## Task
Please, from the entries below, transcribe exactly the lines that begin at the line with "yamaha tmax 560 bleu et noir" and end at the line with "Photo of the", without the pictures.

## Records
┄┄┄┄┄┄┄┄┄┄
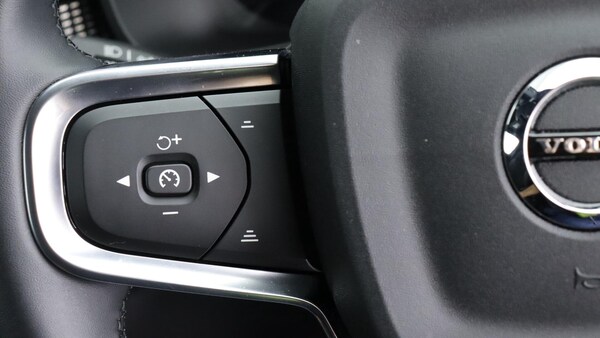 Used Volvo XC40 2025 for sale - 75769598: Photo 21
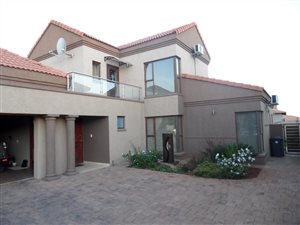 3 Bed House in Emfuleni Golf Estate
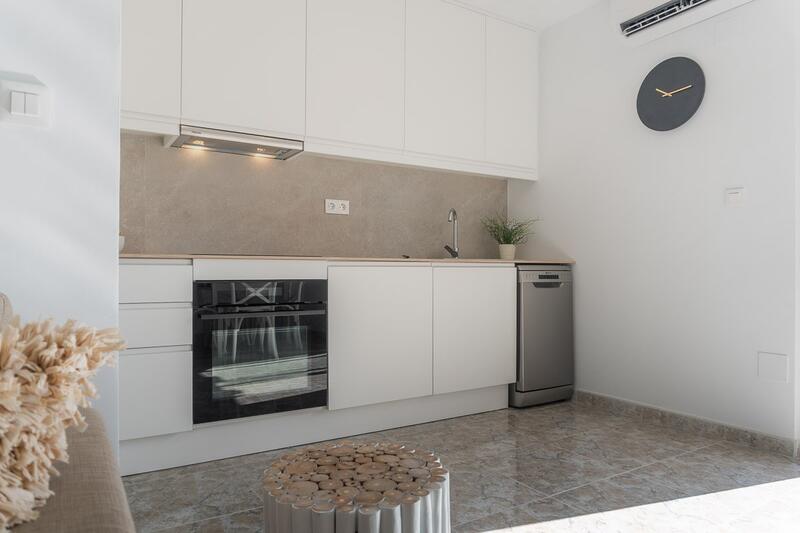 2 bedroom Apartment for sale 2 bedroom Apartment for sale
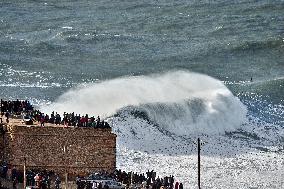 Giant Waves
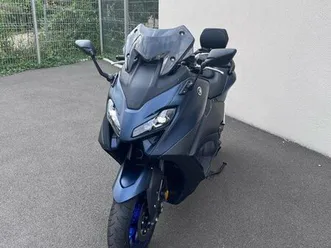 yamaha tmax 560 bleu et noir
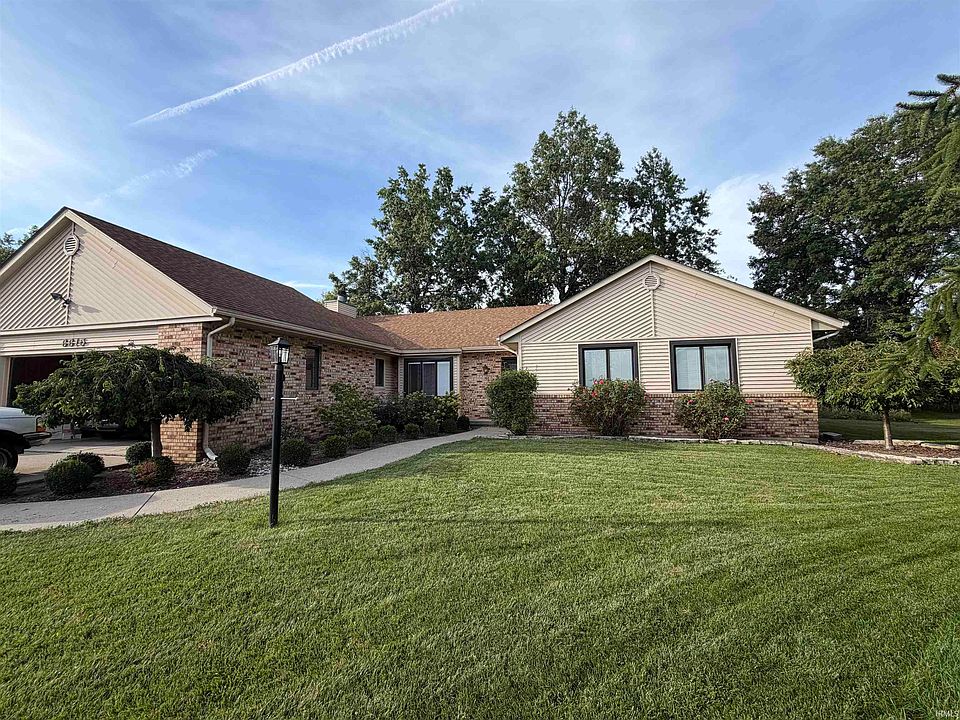 2nd image of 6615 Belle Isle Pl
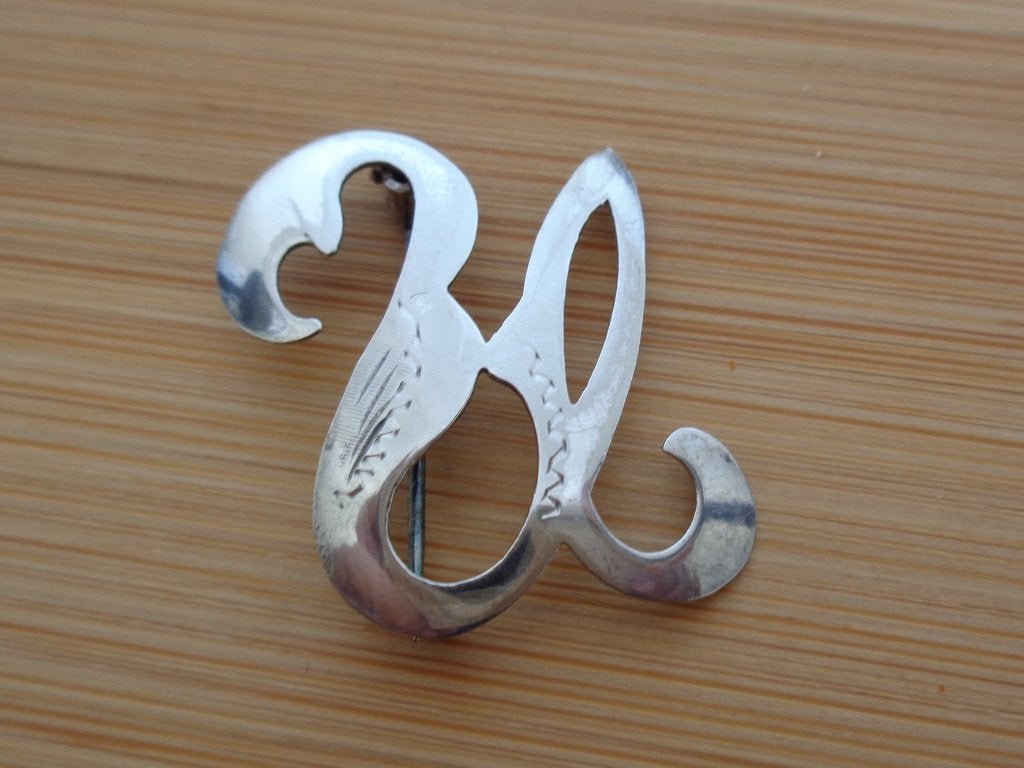zilveren sierlijke letter U broche [600], Sieraden, Tassen en Uiterlijk, Broches, Zo goed als nieuw, Zilver, Zilver, Minder dan 4 cm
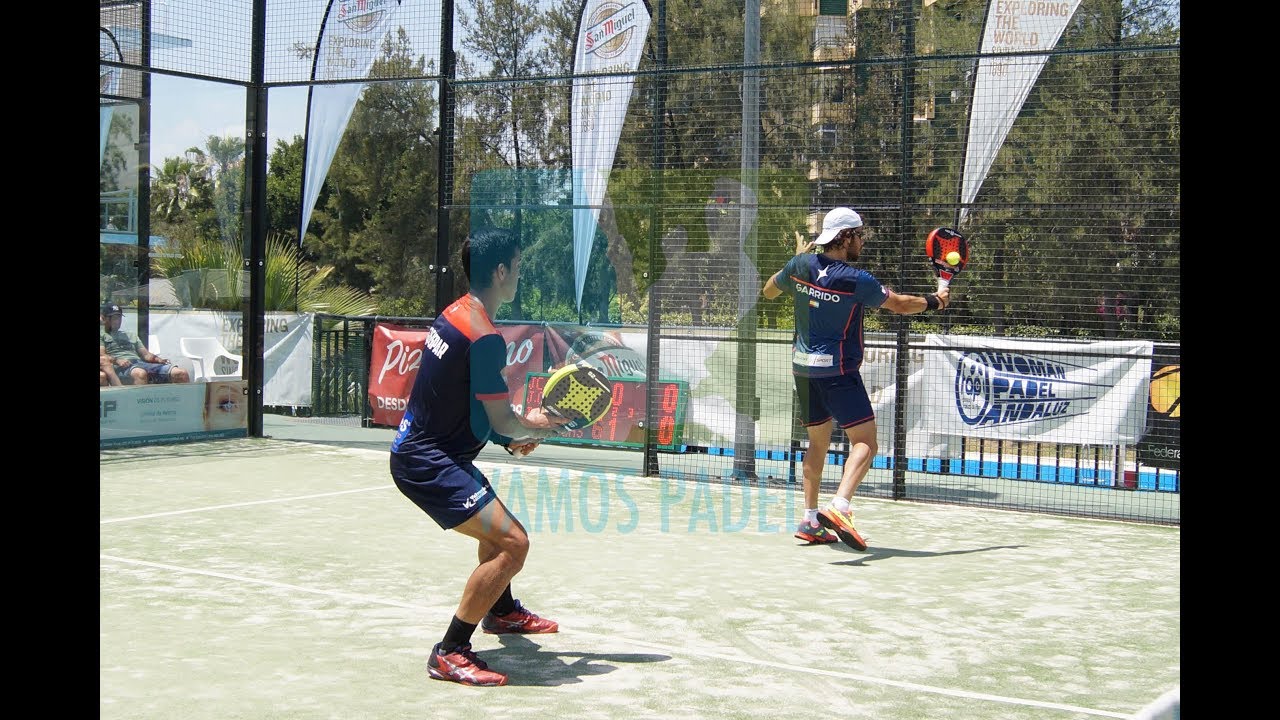 Vamos Pádel. Jose Carlos Gaspar y Javi Garrido contra Javi Bravo y Mario Del Castillo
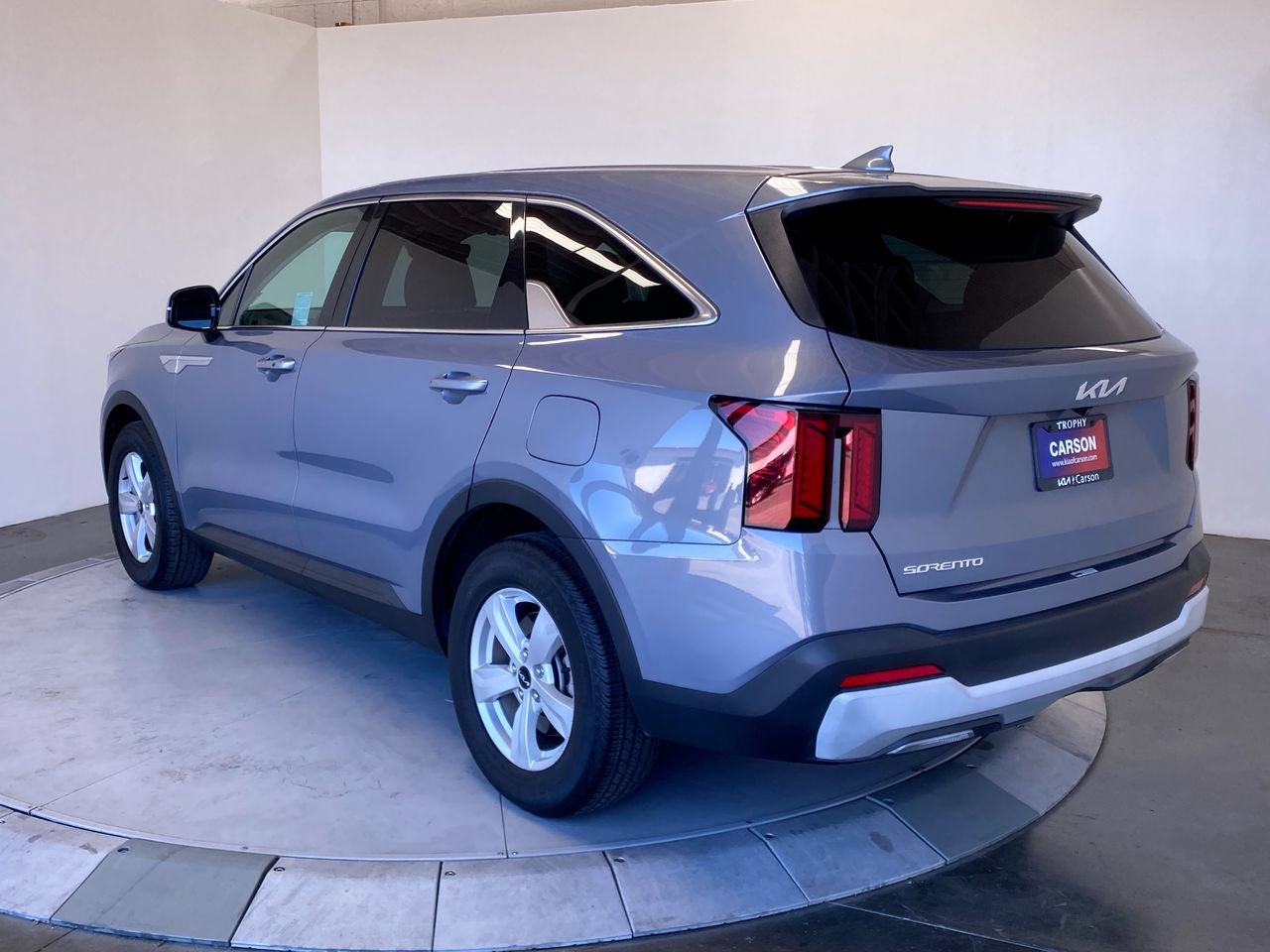 Certified 2024 Kia Sorento LX FWD image 3
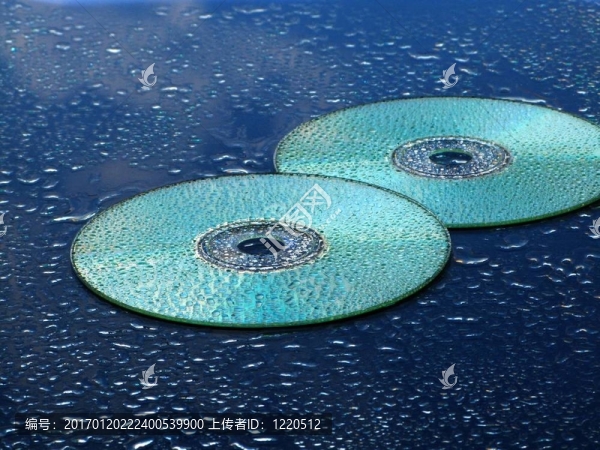 鎘和水滴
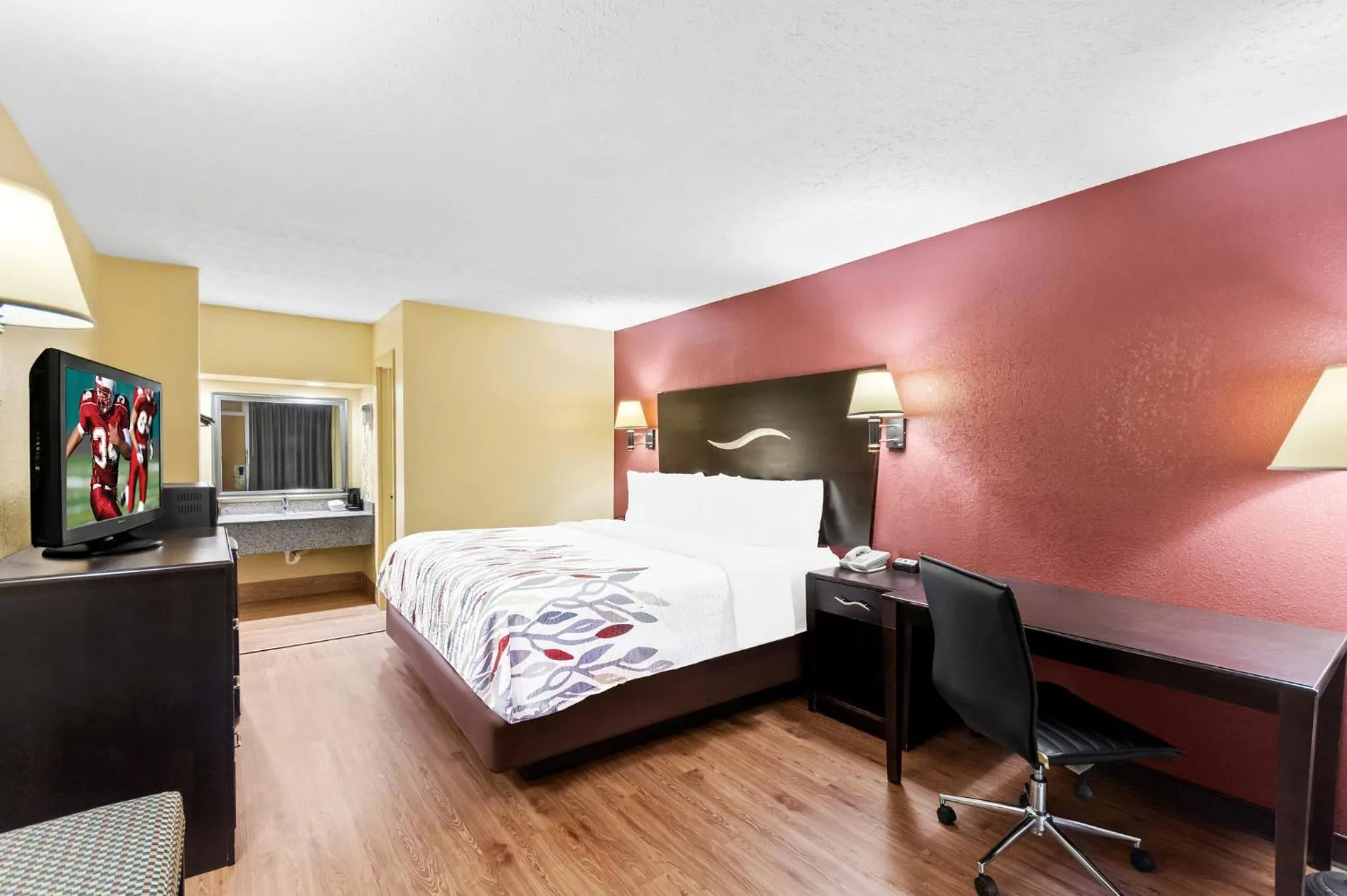 Photo of the whole room, Bed in Red Roof Inn Berea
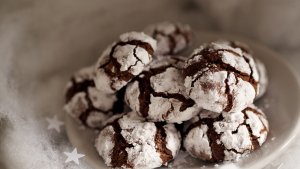 Reteta de biscuiti crapati cu ciocolata sau chocolate crinkles. Deliciu ciocolatos si usor de preparat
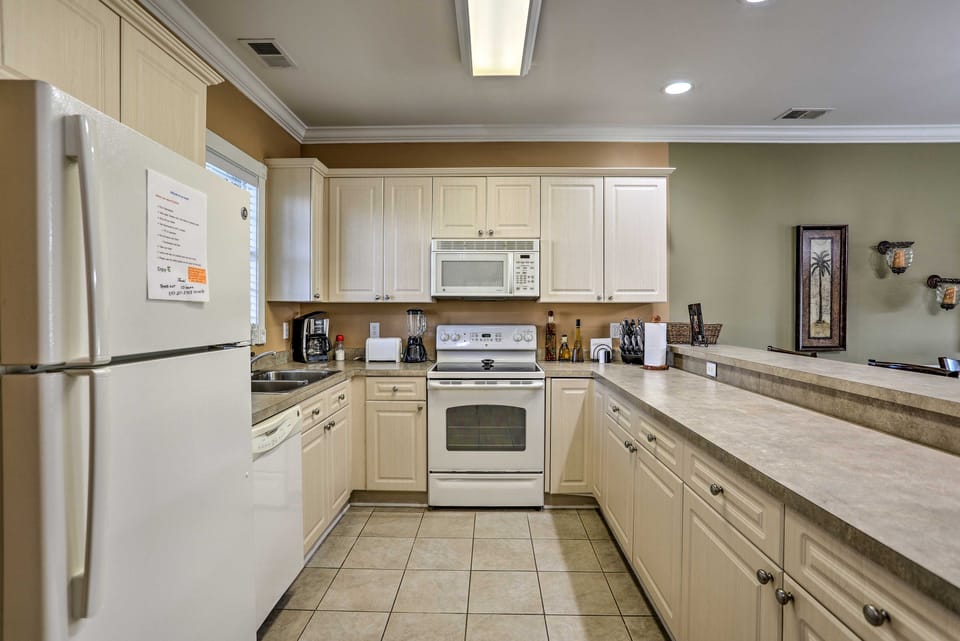 3 Mi to Ocean: Resort Condo in Myrtle Beach! Apartment in Myrtle Beach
┄┄┄┄┄┄┄┄┄┄
## Answer for this exercise
 yamaha tmax 560 bleu et noir
 2nd image of 6615 Belle Isle Pl
zilveren sierlijke letter U broche [600], Sieraden, Tassen en Uiterlijk, Broches, Zo goed als nieuw, Zilver, Zilver, Minder dan 4 cm
 Vamos Pádel. Jose Carlos Gaspar y Javi Garrido contra Javi Bravo y Mario Del Castillo
 Certified 2024 Kia Sorento LX FWD image 3
 鎘和水滴
 Photo of the whole room, Bed in Red Roof Inn Berea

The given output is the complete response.